Lawyer says Ed Jew victim of conspiracy 

Former Supervisor Ed Jew "appears to have been" the victim of a calculated attack by political enemies who promptedan FBI investigation that ultimately led to the charges of public corruption he is now fighting, his lawyer said in a motion filed in U.S. District Court on Tuesday.

Jew’s attorney Stuart Hanlon requests in his motion that U.S. District Judge Susan Illston grant a hearing to look into whether wrong-doing was committed by Jew’s former attorney Steven Gruel.

Gruel alerted the FBI to allegations that the District 4 supervisor was extorting money from a business owner, and then, two weeks later, became Jew’s defense attorney, notes the motion, which seeks to dismiss the federal criminal case.

In November, a federal grand jury indicted Jew on two counts mail fraud, two counts bribery and one count extortion in connection with a bribery scheme involving the franchise owners of Quickly tapioca drink shops.

According to FBI documents related to the case, Gruel alerted the FBI to the allegations after he was told about them by state Sen.
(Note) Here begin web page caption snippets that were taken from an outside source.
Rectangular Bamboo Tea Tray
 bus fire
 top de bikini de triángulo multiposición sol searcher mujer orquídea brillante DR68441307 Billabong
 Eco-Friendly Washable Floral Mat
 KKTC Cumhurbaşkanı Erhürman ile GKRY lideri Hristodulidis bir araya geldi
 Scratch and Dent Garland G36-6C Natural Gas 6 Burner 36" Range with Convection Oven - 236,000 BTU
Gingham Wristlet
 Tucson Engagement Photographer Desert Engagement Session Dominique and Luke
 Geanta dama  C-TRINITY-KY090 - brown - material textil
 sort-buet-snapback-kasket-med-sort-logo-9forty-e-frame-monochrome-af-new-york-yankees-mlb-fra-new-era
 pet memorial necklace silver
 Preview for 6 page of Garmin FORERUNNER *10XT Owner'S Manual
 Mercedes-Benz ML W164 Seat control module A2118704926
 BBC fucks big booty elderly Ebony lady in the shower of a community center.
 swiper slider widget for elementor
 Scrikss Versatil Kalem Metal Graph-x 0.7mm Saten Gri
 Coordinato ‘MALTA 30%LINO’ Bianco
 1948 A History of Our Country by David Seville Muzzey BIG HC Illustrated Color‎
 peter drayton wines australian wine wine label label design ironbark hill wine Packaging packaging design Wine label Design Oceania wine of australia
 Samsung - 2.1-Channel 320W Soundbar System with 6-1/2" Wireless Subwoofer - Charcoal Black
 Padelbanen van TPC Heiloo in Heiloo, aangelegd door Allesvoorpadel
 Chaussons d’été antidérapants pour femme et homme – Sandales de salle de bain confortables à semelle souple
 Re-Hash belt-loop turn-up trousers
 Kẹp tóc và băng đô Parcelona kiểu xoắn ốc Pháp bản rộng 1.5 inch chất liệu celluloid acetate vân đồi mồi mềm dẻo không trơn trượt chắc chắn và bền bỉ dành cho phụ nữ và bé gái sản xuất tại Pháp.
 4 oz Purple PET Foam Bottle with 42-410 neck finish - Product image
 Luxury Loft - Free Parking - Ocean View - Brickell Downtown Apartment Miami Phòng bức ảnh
Leland Yee, D-San Francisco. Yee heard about the allegations from Jew’s rival candidate in the November 2006 race for the District 4 board seat, Jaynry Mak, who had been contacted by a store owner, according to the federal documents.

"This appears to have been a calculated attack on Mr. Jew that was organized from the beginning by Mr. Yee, Jaynry Mak, and the alleged victims," Hanlon wrote in the motion, adding that Yee and Mak were Jew’s political enemies.

A spokesman from Yee declined comment and referred to a statement the state lawmaker issued last month: "I do not and have not passed judgment on Ed Jew, but it was my ethical responsibility to inform the proper law enforcement officials to investigate."

Although Jew had signed a waiver acknowledging Gruel told him he had contacted the FBI and someone told him about the allegations, the motion said it was "concerning" and "baffling" that the investigation started because of "Mr. Jew’s own attorney."

The motion suggests that Gruel created a "conflict of interest" in the case, the federal prosecutors failed to inform the court of the conflict, and that Jew’s constitutional rights may have been violated.

Gruel referred a call for comment to legal ethics expert Richard Zitrin, who called the legal motion "silly," and said Gruel has done nothing improper.

If Gruel suspected any "cabalistic activity" of those out to get Jew "he never would have passed [the allegations] on," Zitrin said.

Federal prosecutors will file a response to the motion on March 11 and Illston will hold a hearing on the motions on March 21.

Mak did not return a phone call for comment on Tuesday.